There are over 33,800 denominations worldwide according to Barrett’s encyclopedia (2001 edition). He admittedly does not count all the little denominations, which would certainly increase this number to a ridiculous amount. So, there’s “Over 33,000 denominations in 238 countries.” (Table 1-5, Vol 1, pg 16).
Barrett lists only one Roman Catholic denomination for every country. JUST ONE.
So, under JUST THE U.S. Country Table 2, of the 6,222 US denominations, there’s only ONE Roman Catholic denomination listed, he lists 60 Orthodox denominations. Barrett labels the rest of the denominations, Protestant, Anglican, Independent, & Marginal. The more commonly accepted classification of Christianity used by Protestant scholar Leslie Dunstan in his book Protestantism, Christianity consists of: 1) Catholic, 2) Orthodox, & 3) Protestant. So, using this more commonly understood classification …
Denominations in the US alone:
Catholic 1
Orthodox 60
Protestant 6,161
Worldwide denominations, according to Barrett for 1970 and 1995:
**1970: **26,350
**1995: **33,820
If you look to Barrett’s earlier editions, the number of Roman Catholic denominations is STILL just ONE for every country. The increase is not, contrary to Eric Svendson’s article, spread evenly, is it?
If you count the number of Eastern/Oriental Orthodox denominations worldwide, I’m betting it’s less than 2,000. That leaves over 30,000 “other” denominations. Call those denominations what you will, but even Protestant author’s call them Protestant, which is what Catholics call all those Christian sects who limit their Bible to the Protestant Bible, and assert Bible alone/Faith alone.
There are most certainly well over 30,000 denominations of these kind of sects, using Webster’s definition, which looks to the number of organizations having legal and administrative authority over local congregations.
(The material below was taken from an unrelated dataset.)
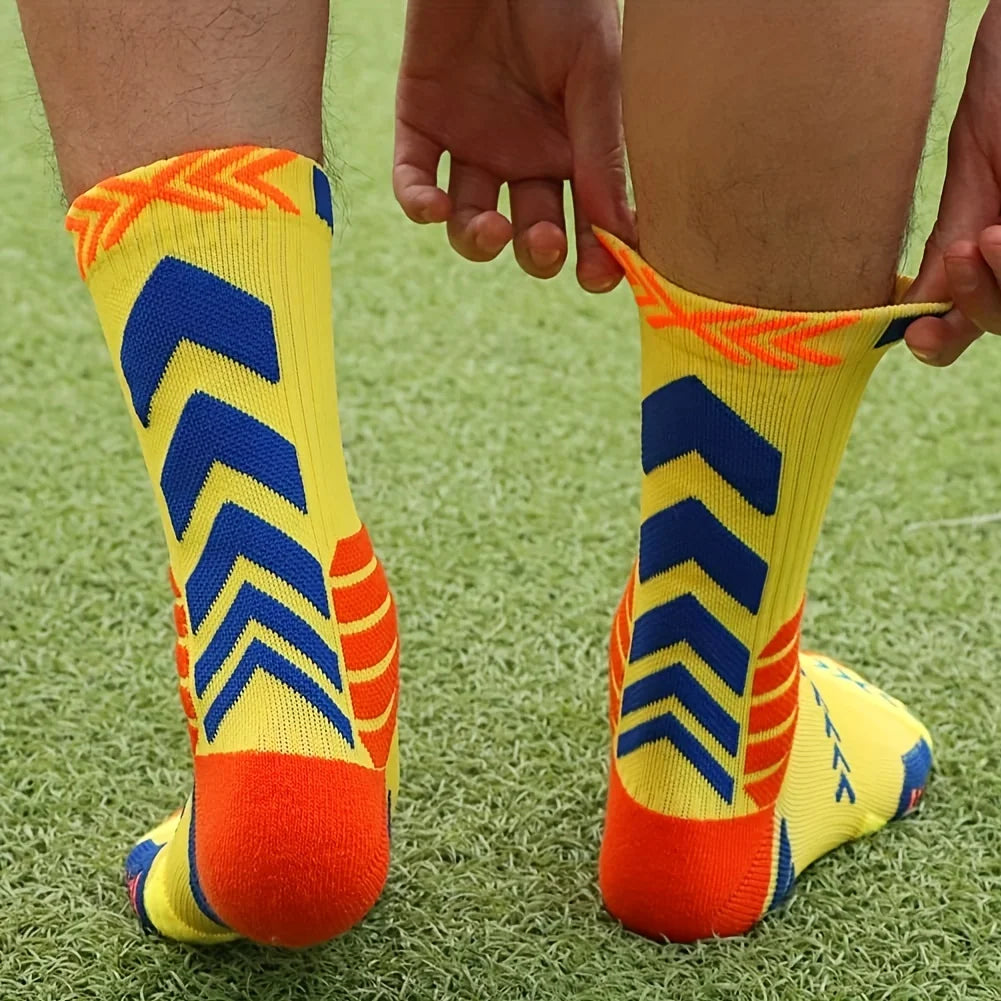 1pair Men's Cotton Sports Sock Comfortable Fashion Cotton Breathable Middle Tube Socks Soft Shock-Absorbing Breathable Male Sox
Calvinist or Arminians do not qualify as a denomination, as they are not what Webster calls a “religious organization uniting local congregations in a single legal and administrative body.” You can redefine “denomination” into something fuzzy and it will seemingly show less division within Protestantism, but that’s not at all accurate as to what a denomination really is.
Remember: EVERY BAPTIST PARISH ACTUALLY IS A LAW UNTO ITSELF. Which makes every Baptist parish a denomination unto itself. The Baptist parish 3 blocks away from me will not fellowship with the Baptist parish 7 blocks away from me, because they do not agree with regard to what they consider essential doctrines of Christianity. They are certainly not governed by the same legal and administrave organization. According to Webster’s definition, they belong to different denominations.
Think of the US States operating like that, where the federal laws were not binding at all, but people pronounced a new source of authority, that of “Constitution alone,” which really meant that how the citizenry interpreted the Constitution was based upon their own interpretation. There did not exists any authority to authentically interpret and judge for all the citizenry, what the words of the Constitution truly menat. The federal court decisions were just optional, just suggestive. In such an example, we would have 50 different “denominations” of US states, as it it not an organization united the 50 states into a single legal and administrative body. That’s how protestantism works. If fact, it would splinter into even more than 50, because with each state, there would be bickering over what the authority of the State government over the people, who are freed from the yoke of such oppression, free to be a “law unto themselves.”
Among Lutherans, there is not a single organization that unites all Lutherans under one legal and administrative body. Neither is there such an organization for Presbyterians, Methodists, Anglicans, Pentacostals, Mennonites. All these assert that the Protestant Bible alone is their sole rule of faith.
You think the Catholic Church is just one of these, but we don’t even share the same Bible, the same understanding of authority, the same undrestanding of ecclesiology and soteriology. Considering too that their are approx. 2 billion Christians, approx. 54% (1.1 billion) profess to be Catholic, under the authority of the Roman Pontiff. It ought to become more clear to you that the 30,000 divisions are among those (approx 40%) professing only a 66-book Bible, the PROTESTANT Bible.